Not everyone who does hunters does the jumpers. 

Hunter fences will look like something you see out in the field. So you get shrubs, flowers, brick walls, etc. The jumper jumps are made to scare your horse a little! Bright flashy colors, striped poles, scary standards, etc. 

The Working Hunter division at USEF governed shows is a 4 foot division that has some tricker parts to the courses. But a lot of divisions are called "(blank)" working hunter. I'm not sure why.  Like Green Working hunter, There are other divisions called "blank" Conformational Hunters. I think the Conformational is not just based on movement but also conformation (hence the name) and you have to model your horse after the class. Don't quote me on that though!


----------



## PoptartShop (Jul 25, 2010)

Very good question!  I've been wondering that too...lol.
UN thanks for the explanation, really helpful.


----------



## chasin the dream (Jun 2, 2008)

yes thanks for the explanation..haha when i go to this new barn i gues ill seem like i know what im doing as far as hunter/jumper stuff.haha thanks to you and ur explanation! thanks again!


----------



## appylover31803 (Sep 18, 2007)

Thanks for explaining that upnover!


----------



## chasin the dream (Jun 2, 2008)

geez..i guess i satisfied a couple people with my little thread!


----------



## brittx6x6 (Mar 4, 2007)

*Hunters:*
Normally a straight forward not to complicating course. Jumps normally include verticals and oxers. Roll tops, brush boxes, and flowers are normally under the fences. The fences are usually conservative colors (white, brown, black). In lower level shows there are normally 2 outside lines equal in stride, a single diagonal and a double diagonal that is either - or + a stride fot the outside line. 

*Equitation classes*
Equitation classes are part of the "hunter circuit." Equitation is based on the riders skill of monuvering (sp) the horse around the course while keeping nice appearence.
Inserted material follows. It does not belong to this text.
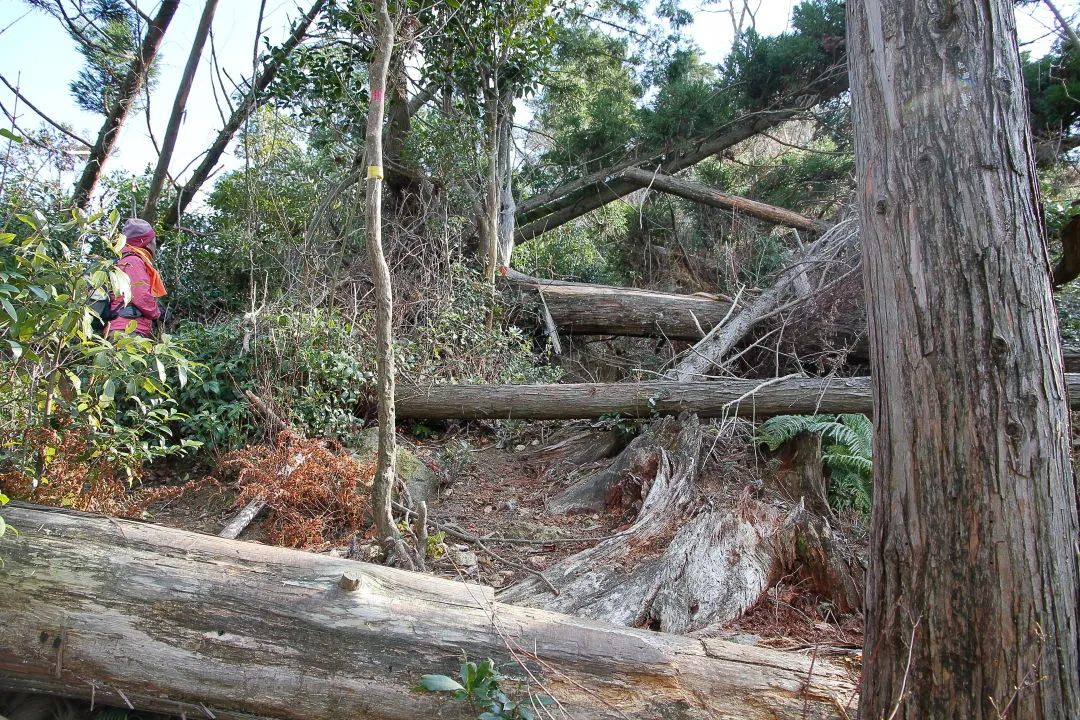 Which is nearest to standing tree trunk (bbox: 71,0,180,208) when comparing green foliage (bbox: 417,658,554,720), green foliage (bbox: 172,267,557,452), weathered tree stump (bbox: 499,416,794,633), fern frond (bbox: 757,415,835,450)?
green foliage (bbox: 172,267,557,452)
Equitation classes are basically the half way line between hunters and jumpers. The jumps are the same as the hunter classes but the course is different. Normally there will be 2 roll backs and places where you could take a short or long route. Normally there is a line where you can push your horse and cut a stride out or hold your horse. 

*Jumpers*
Jumpers are more complicated which is why most people start in the hunter ring and work their way up to the jumper ring. The jumper ring normally consists of brighter fences, swedish oxers, triple bars, triple lines, in and outs, bent lines, etc. The jumps are an array of colors shapes and sizes (including skinnies). The normal jumper course consists of a first round and a jump off. The first round is all about staying under the time allowed and keeping the rails up, no need for speed or tight turns. The jump off is where tight turns and use of speed comes it (speed wont win a class its turning... but there is already a thread on that). There are also optimum time classes where you get as close to a certain time like 51 sec..There are also speed classes where you try to get the fastest time. And lastly there are power and speed classes where normally the first 8-9fences are like a normal course but then without stopping you go through another set of timers and it turns into a jump off all at once.
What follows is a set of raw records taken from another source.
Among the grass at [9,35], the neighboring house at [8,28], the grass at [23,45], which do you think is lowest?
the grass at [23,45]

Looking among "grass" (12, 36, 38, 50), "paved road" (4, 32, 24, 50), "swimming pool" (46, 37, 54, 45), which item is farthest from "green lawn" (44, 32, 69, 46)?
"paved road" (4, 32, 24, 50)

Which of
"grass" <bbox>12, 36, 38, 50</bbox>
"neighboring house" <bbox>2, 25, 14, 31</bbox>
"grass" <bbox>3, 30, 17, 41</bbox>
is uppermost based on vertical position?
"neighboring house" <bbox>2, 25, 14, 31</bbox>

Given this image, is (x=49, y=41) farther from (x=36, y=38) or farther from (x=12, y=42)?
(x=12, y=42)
I hope this helps and if you have any more questions just ask


----------



## PoptartShop (Jul 25, 2010)

Another good explanation, thanks!!!


----------



## chasin the dream (Jun 2, 2008)

Yes, Thanks


----------



## Rachluvshorses4eva (Apr 11, 2007)

chasin the dream said:


> geez..i guess i satisfied a couple people with my little thread!


Lol, yes you have!


----------



## Jubilee Rose (May 28, 2008)

Wow, that was really helpful guys. Thanks for the explanations!!


----------



## Rachluvshorses4eva (Apr 11, 2007)

I second that.


----------